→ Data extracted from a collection
▼▼▼
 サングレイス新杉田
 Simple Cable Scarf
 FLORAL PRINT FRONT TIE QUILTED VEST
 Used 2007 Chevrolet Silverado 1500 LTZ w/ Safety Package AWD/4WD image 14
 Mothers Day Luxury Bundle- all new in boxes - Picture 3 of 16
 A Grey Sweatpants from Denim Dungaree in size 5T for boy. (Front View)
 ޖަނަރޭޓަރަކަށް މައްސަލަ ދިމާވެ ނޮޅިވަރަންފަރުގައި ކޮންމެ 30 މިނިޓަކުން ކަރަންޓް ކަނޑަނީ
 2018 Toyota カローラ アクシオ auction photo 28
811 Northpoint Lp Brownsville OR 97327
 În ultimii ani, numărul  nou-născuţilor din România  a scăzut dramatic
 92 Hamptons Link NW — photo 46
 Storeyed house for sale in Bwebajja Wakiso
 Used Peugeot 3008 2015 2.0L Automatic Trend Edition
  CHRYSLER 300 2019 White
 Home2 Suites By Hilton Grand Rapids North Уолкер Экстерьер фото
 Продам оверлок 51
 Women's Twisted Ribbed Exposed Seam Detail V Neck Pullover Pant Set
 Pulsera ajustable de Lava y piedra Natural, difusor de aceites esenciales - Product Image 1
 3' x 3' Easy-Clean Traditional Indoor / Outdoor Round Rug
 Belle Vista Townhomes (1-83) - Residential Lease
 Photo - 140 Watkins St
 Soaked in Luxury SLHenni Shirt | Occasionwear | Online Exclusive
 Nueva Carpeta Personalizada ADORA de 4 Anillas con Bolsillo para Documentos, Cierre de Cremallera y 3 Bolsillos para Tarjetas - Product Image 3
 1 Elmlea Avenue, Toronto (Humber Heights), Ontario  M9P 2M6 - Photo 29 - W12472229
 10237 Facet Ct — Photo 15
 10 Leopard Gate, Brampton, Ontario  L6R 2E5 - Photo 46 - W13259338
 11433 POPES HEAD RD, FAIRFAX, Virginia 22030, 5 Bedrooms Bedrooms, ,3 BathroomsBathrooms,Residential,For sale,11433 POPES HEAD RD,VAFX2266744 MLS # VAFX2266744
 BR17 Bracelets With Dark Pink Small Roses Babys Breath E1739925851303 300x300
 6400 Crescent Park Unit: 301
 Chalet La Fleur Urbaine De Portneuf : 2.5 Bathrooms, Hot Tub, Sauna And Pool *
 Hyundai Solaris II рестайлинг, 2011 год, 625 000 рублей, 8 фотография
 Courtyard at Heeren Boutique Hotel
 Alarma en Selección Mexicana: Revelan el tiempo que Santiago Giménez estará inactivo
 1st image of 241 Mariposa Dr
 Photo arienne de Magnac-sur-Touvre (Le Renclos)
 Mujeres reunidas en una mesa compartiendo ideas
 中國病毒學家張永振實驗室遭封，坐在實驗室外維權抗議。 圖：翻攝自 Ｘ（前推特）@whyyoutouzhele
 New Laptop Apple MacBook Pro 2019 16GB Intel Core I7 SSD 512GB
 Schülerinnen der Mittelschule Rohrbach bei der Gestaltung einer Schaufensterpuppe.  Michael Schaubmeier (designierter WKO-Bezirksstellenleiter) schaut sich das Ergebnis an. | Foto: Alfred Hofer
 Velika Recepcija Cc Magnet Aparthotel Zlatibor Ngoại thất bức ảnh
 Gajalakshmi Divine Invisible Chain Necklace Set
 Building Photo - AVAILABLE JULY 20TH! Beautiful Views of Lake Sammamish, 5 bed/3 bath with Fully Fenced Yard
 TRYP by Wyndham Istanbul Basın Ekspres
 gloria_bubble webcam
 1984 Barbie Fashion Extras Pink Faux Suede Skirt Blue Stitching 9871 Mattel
▲▲▲
→ What you should do
Give back exactly the lines above, from the line containing "10 Leopard Gate, Brampton, Ontario" through the line containing "Photo arienne de", with both end lines and nothing more.

→ Answer box
 10 Leopard Gate, Brampton, Ontario  L6R 2E5 - Photo 46 - W13259338
 11433 POPES HEAD RD, FAIRFAX, Virginia 22030, 5 Bedrooms Bedrooms, ,3 BathroomsBathrooms,Residential,For sale,11433 POPES HEAD RD,VAFX2266744 MLS # VAFX2266744
 BR17 Bracelets With Dark Pink Small Roses Babys Breath E1739925851303 300x300
 6400 Crescent Park Unit: 301
 Chalet La Fleur Urbaine De Portneuf : 2.5 Bathrooms, Hot Tub, Sauna And Pool *
 Hyundai Solaris II рестайлинг, 2011 год, 625 000 рублей, 8 фотография
 Courtyard at Heeren Boutique Hotel
 Alarma en Selección Mexicana: Revelan el tiempo que Santiago Giménez estará inactivo
 1st image of 241 Mariposa Dr
 Photo arienne de Magnac-sur-Touvre (Le Renclos)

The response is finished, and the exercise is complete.